Free Meeting Cost Calculator
A meeting cost calculator is a productivity analysis tool that estimates the total cost of a meeting by multiplying each attendee's hourly compensation rate by the meeting duration, making the hidden expense of meetings visible.
Total meeting cost
$192.31
Cost per minute
$3.21/min
Cost per attendee
$38.46
Effective hourly rate
$38.46/hr
Perspective: A modest cost. Make sure there's an agenda and clear outcomes to justify the investment.
How to use the Meeting Cost Calculator
- 1
Add attendees
Enter the number of people who will attend the meeting and their average hourly rate. If you know annual salaries instead, the calculator converts them automatically by dividing by 2,080 working hours per year.
- 2
Set the duration
Enter how long the meeting will last in minutes. Include buffer time if your meetings consistently run over — a 30-minute meeting that always goes to 45 minutes actually costs 50% more than planned.
- 3
See the cost
The calculator shows the total meeting cost, cost per minute, and cost per attendee. Use these numbers to evaluate whether the meeting's expected outcome justifies the expense, or whether an email, Slack thread, or shared document could achieve the same result at a fraction of the cost.
Who this tool is for
Team leads advocating for fewer, shorter meetings who need concrete data to back up their case. Agency owners tracking overhead costs who want to understand how much of their team's time (and therefore margin) goes to internal coordination. Consultants who want to make the case for async communication by showing clients how much their status meetings actually cost. Anyone who suspects their organization spends too much time in meetings will find that the dollar figure is often a more persuasive argument than saying 'we have too many meetings.'
FAQs about using the Meeting Cost Calculator
A 2022 study by Microsoft's WorkLab analyzing data from 31,000 workers found that time spent in meetings increased 252% since February 2020. Harvard Business School research published in the MIT Sloan Management Review found that when companies cut meetings by 40%, productivity increased by 71% and employee satisfaction rose by 52%. Shopify made headlines in 2023 by deleting 12,000 recurring meetings from employee calendars, estimating they recovered 322,000 hours of productive time annually — equivalent to adding 150 full-time employees.
When teams see meeting costs expressed as dollar amounts rather than abstract 'time spent,' they make different decisions. Stripe famously displays a running cost ticker during meetings. Research from the University of North Carolina found that simply showing the accumulated cost of a meeting in real time caused participants to end meetings 18% sooner and reduced the average number of attendees by 2 people. The psychological shift from 'this is just 30 minutes' to 'this is a $1,200 expense' triggers more critical evaluation of whether the meeting is necessary.
The hourly rate on someone's paycheck significantly understates the actual cost. Fully-loaded cost includes base salary, benefits (typically 25–40% of salary in the US), payroll taxes (7.65% employer FICA), office space, equipment, software licenses, and management overhead. A common multiplier is 1.4–2x the base salary for total cost. An employee earning $100,000/year actually costs the company $140,000–$200,000/year, making their true hourly rate $67–$96/hour rather than the $48/hour their salary suggests.
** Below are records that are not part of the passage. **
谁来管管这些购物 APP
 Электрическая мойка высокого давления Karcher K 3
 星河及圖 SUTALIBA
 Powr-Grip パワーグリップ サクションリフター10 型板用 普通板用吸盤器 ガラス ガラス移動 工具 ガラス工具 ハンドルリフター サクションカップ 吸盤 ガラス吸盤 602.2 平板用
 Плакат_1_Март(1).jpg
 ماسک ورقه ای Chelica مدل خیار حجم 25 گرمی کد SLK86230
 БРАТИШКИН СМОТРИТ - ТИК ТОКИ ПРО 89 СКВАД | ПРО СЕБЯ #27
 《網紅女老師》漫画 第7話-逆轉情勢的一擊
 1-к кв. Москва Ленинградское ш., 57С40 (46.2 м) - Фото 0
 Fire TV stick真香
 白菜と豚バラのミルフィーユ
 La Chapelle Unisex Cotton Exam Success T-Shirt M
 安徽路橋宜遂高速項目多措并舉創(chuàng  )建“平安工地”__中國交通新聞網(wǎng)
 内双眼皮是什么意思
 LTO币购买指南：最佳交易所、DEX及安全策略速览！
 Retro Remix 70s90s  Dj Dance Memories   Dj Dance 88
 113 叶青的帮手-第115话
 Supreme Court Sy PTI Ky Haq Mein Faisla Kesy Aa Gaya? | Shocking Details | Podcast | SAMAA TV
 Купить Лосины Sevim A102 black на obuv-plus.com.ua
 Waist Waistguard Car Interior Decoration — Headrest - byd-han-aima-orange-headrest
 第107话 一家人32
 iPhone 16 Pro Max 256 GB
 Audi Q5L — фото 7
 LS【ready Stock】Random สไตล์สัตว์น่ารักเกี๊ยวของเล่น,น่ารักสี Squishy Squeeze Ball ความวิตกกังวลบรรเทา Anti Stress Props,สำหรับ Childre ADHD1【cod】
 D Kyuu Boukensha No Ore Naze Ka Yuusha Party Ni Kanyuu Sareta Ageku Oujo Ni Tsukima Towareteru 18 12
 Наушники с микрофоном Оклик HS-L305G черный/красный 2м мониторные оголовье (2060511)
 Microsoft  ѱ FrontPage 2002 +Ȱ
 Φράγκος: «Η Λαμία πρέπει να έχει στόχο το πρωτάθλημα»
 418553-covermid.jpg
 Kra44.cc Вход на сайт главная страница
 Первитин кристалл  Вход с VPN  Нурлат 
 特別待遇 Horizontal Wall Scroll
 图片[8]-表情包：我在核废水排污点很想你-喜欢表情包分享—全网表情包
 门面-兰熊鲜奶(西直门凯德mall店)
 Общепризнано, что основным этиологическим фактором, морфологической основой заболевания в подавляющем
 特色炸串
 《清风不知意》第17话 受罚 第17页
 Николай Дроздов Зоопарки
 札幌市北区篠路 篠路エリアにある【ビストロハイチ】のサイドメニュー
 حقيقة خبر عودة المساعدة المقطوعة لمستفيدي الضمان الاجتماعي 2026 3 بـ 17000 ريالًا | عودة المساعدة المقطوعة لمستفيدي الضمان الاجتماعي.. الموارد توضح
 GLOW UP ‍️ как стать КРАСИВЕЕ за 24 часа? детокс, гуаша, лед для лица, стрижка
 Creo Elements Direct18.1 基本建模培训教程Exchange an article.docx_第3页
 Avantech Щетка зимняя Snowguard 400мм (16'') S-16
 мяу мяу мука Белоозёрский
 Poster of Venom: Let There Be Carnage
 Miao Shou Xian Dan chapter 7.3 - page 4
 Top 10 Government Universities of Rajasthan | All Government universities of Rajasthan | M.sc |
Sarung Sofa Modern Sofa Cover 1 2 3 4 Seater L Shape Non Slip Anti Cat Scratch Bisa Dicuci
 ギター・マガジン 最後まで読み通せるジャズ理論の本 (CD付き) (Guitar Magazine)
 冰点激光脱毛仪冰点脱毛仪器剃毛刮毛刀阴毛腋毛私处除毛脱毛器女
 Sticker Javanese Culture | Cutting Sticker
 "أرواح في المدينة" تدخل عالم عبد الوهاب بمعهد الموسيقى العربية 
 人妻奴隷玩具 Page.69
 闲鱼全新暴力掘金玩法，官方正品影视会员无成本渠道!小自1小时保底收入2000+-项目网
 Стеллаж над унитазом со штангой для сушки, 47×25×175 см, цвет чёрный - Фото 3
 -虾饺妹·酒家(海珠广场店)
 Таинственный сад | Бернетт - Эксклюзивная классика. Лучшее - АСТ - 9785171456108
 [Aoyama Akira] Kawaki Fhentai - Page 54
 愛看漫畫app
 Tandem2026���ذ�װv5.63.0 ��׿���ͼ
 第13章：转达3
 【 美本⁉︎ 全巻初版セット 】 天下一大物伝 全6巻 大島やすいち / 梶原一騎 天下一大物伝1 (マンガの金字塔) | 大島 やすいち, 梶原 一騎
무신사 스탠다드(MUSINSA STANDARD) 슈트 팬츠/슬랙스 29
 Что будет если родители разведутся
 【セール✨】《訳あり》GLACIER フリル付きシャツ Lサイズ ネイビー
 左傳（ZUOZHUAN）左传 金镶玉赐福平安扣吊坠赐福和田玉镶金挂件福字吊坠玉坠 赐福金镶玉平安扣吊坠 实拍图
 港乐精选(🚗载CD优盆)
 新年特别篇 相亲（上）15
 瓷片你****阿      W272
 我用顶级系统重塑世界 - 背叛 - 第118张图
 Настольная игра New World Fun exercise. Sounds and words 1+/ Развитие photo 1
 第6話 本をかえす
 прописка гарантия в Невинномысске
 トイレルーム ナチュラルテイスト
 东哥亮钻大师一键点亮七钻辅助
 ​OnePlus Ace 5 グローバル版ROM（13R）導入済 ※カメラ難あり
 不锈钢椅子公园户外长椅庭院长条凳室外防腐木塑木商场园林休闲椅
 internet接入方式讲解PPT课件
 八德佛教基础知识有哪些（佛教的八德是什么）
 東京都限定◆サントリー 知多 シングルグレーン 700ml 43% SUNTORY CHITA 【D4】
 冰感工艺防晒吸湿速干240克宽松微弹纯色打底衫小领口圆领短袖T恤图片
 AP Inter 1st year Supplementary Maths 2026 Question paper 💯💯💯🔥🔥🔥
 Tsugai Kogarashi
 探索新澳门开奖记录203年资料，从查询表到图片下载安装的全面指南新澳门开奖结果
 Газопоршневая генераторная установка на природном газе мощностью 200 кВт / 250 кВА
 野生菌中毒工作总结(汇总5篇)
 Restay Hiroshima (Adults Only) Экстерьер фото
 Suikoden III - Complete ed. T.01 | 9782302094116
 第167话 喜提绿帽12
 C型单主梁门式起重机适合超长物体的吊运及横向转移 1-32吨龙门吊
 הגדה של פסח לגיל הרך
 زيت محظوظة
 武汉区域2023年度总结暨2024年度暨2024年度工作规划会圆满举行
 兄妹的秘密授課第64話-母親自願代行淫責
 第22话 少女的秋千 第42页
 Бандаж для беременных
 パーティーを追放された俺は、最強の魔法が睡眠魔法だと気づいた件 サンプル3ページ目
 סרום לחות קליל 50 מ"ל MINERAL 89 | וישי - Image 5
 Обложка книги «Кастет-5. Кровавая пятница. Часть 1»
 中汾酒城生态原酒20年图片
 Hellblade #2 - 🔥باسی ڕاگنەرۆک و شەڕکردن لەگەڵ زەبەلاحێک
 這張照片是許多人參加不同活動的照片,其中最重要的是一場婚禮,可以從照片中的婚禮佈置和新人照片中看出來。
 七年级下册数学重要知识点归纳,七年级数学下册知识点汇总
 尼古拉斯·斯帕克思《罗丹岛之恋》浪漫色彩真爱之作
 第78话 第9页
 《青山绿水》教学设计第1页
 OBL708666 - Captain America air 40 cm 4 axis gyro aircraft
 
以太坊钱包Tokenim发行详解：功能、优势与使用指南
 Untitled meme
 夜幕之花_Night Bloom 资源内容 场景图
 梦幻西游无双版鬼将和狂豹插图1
The calculator handles this conversion automatically. It divides annual salary by 2,080 (52 weeks multiplied by 40 hours per week) to get a base hourly rate. For a more accurate fully-loaded cost that includes benefits, taxes, and overhead, multiply the base rate by 1.3 to 1.4 — this is what the meeting actually costs the company, not just what the employee takes home.
There's no universal number, but a useful rule of thumb is this: if a meeting costs more than the value of the decision it's meant to produce, it should be an email or async document instead. A $500 meeting to decide on a $200 software subscription is a misallocation. A $500 meeting to align on a $50,000 project direction is money well spent.
Three high-impact tactics: reduce the attendee list to only people who need to decide or contribute (observers can read the notes), shorten the default duration from 60 to 30 minutes (meetings expand to fill available time), and require an agenda — meetings without agendas tend to wander and run long. Even cutting one unnecessary recurring meeting saves thousands per quarter.
Meetings are worth the cost when you need real-time debate to reach a decision, when the topic requires reading body language and tone (sensitive feedback, conflict resolution), when brainstorming benefits from building on others' ideas live, or when alignment across 3+ people is needed simultaneously. Default to async (written updates, Loom videos, shared docs) for status updates, information sharing, FYI announcements, and decisions that one person can make after gathering input. The test: 'Could this be an email?' If yes, it should be.